◆ Problem requirements: Using the records that follow, reproduce exactly the lines starting at the line containing "First of all, open" and ending at the line containing "Once you click". Include both end lines and no pictures.

◆ Exercise input:
########################################

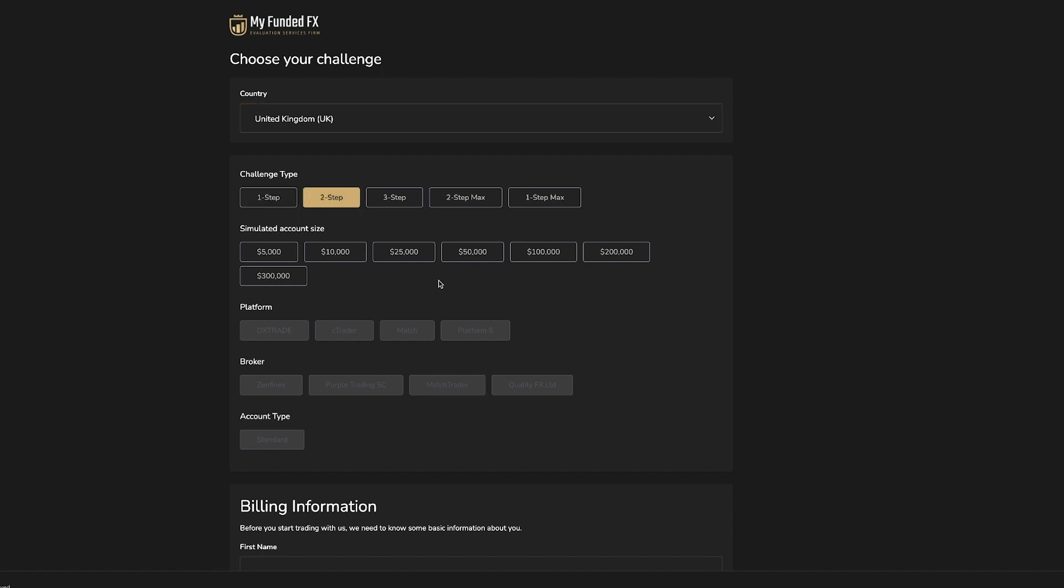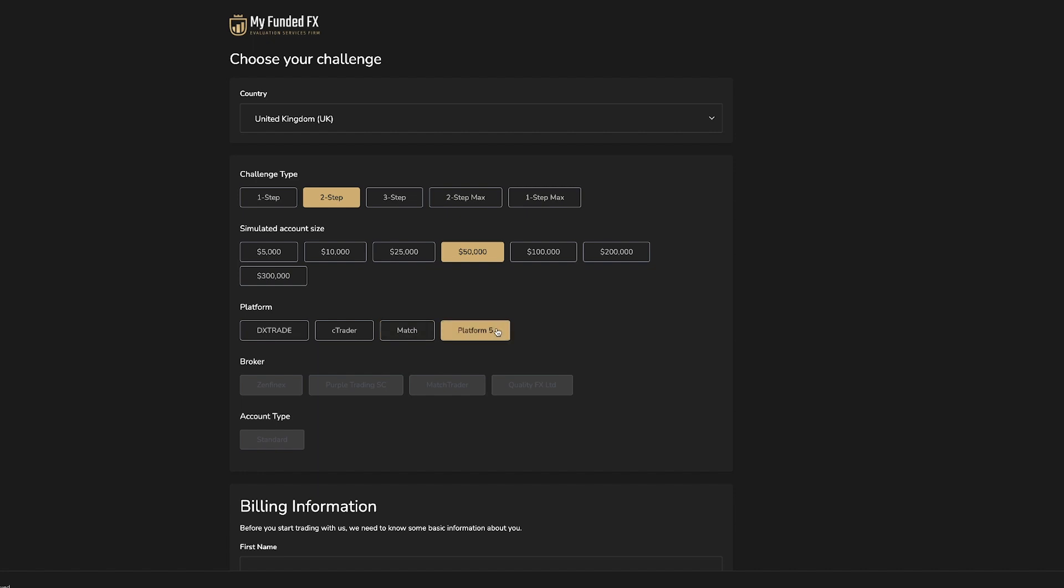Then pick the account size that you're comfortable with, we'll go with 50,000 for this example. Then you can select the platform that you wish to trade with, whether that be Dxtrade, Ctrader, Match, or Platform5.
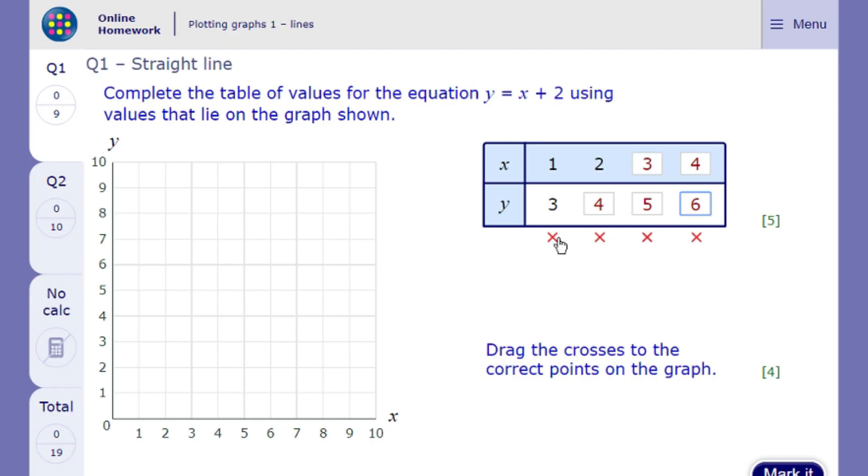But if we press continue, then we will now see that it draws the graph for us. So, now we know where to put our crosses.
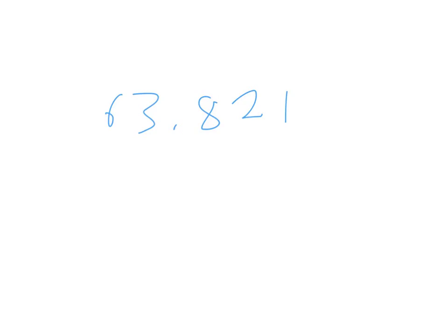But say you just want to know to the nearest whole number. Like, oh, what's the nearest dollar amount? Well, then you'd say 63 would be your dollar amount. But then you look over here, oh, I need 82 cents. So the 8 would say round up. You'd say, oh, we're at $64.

########################################

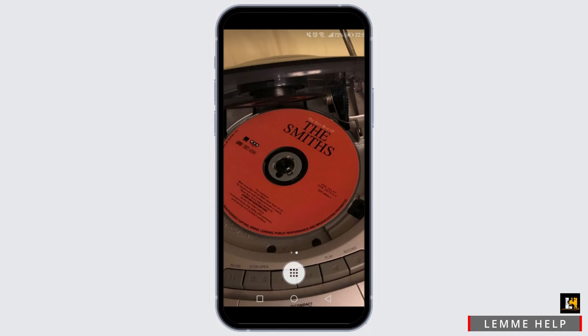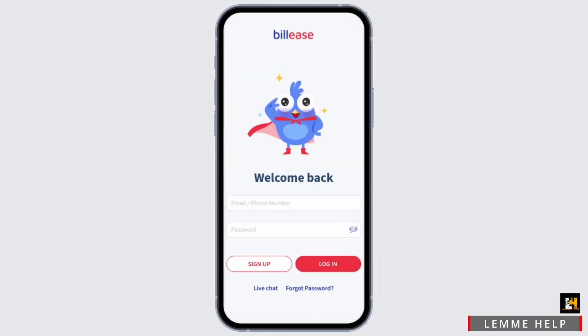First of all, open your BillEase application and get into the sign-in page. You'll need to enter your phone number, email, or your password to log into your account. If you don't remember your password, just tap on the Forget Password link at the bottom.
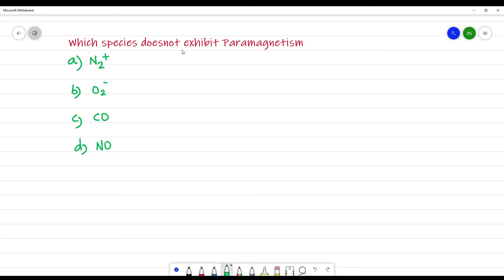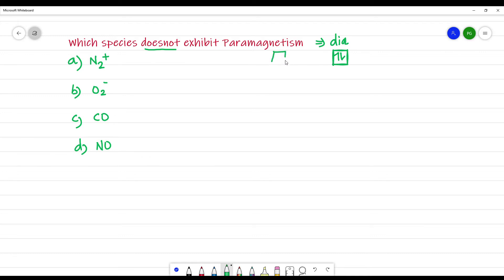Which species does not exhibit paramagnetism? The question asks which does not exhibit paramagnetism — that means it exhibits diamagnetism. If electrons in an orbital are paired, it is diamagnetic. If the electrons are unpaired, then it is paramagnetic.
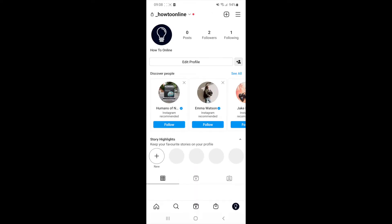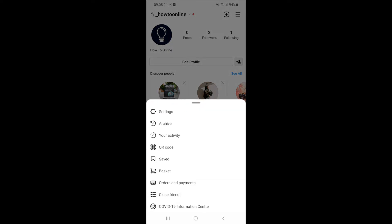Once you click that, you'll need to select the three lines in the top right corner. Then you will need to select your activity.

########################################

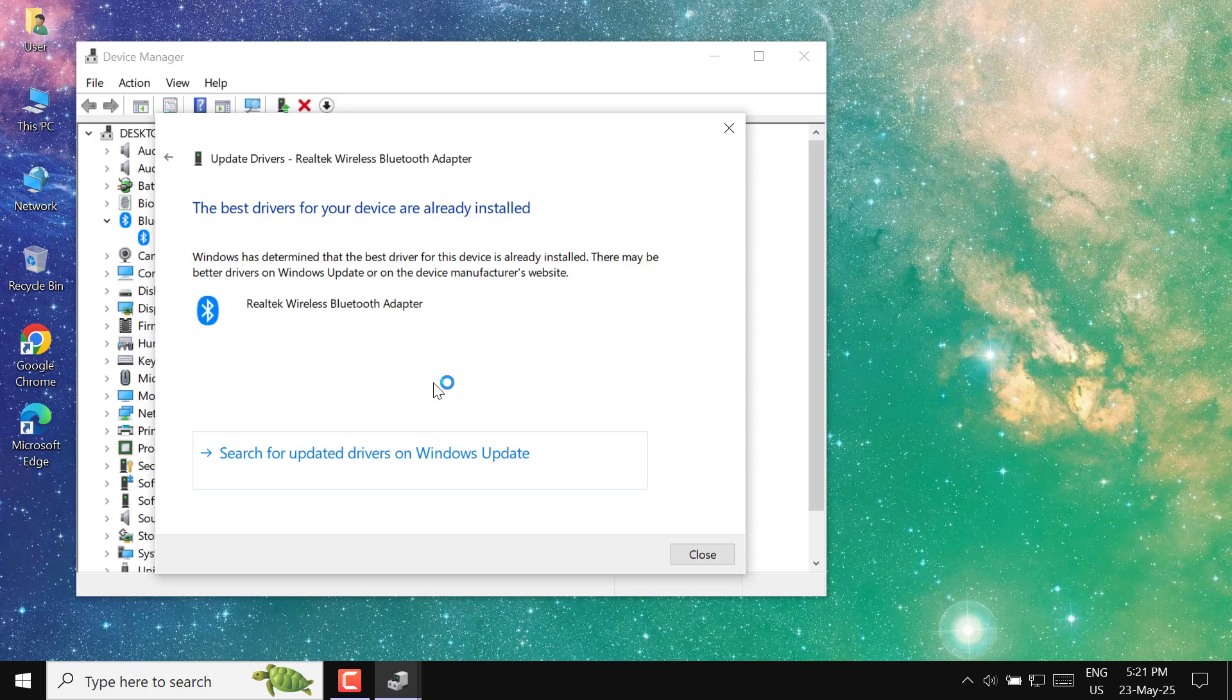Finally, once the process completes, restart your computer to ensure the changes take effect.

########################################

◆ Result for this task:
First of all, open your BillEase application and get into the sign-in page. You'll need to enter your phone number, email, or your password to log into your account. If you don't remember your password, just tap on the Forget Password link at the bottom.
Which species does not exhibit paramagnetism? The question asks which does not exhibit paramagnetism — that means it exhibits diamagnetism. If electrons in an orbital are paired, it is diamagnetic. If the electrons are unpaired, then it is paramagnetic.
Once you click that, you'll need to select the three lines in the top right corner. Then you will need to select your activity.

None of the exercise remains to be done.